I lived in the town of Driggs, Idaho where most people scratch out a living the best way they can. Of course the place has changed so much now that I don't know what they do. Anyway, I got a job helping my relative in the forest and we were spraying pine trees for beetles that were killing them. Our chemicals consisted of some kind of killing agent mixed with diesel fuel. Nasty job.

As we worked we would notice what we called red-topped trees which are pine trees completely dead but the needles are still there, but very dry. I don't know how the practice got started but it was great fun to light a match to the bottom of one of these red-topped trees just to watch it go up in flames.

Well, as luck would have it we come across one tree that was all by itself, the safest kind of red-top to burn. Close by were about six to eight green, healthy trees but we just knew they wouldn't be hurt. Mind you this is in the spring and there was still snow everywhere so dryness in the forest was not an issue.

I put the match to the bottom limb of the red-top and "whoosh" flames shot to the top. What my relative and I never took into consideration is the intense heat that comes from these trees. Even though the green ones were supposedly a safe distance away the nearest one caught on fire.

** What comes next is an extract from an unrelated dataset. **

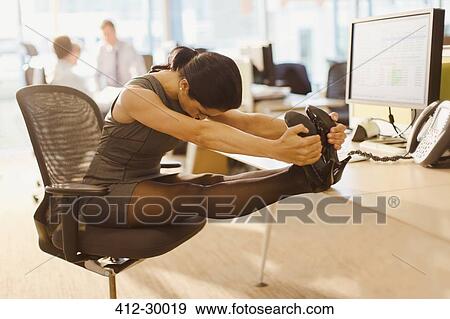 Stock Photo - Businesswoman stretching legs with feet up on desk in office. Fotosearch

I don't know if you have heard the term of trees exploding but believe me when I say, they do just that. It is a very scary sound. Not only did the nearest one catch on fire and explode but so did about six others all in a row. By the time the sixth one caught and exploded this little boy was on his knees praying to God that He would stop things from going any further. I even promised to be a good boy for a while.

Luckily it stopped but we were both quite shaken by the events of the day. Needless to say I have NEVER performed that stupid trick again.

So there you have it... another tale from the Ramblin Irishman. Hope you enjoyed it.

Have a nice day everyone.

1 comment:

..................... said...

you are a very braaave man in admiting to that story, irishman.
funny in the retelling, but dangerous during the actuality.

i occasionally see red hat ladies around town. they always seem to be having a good time.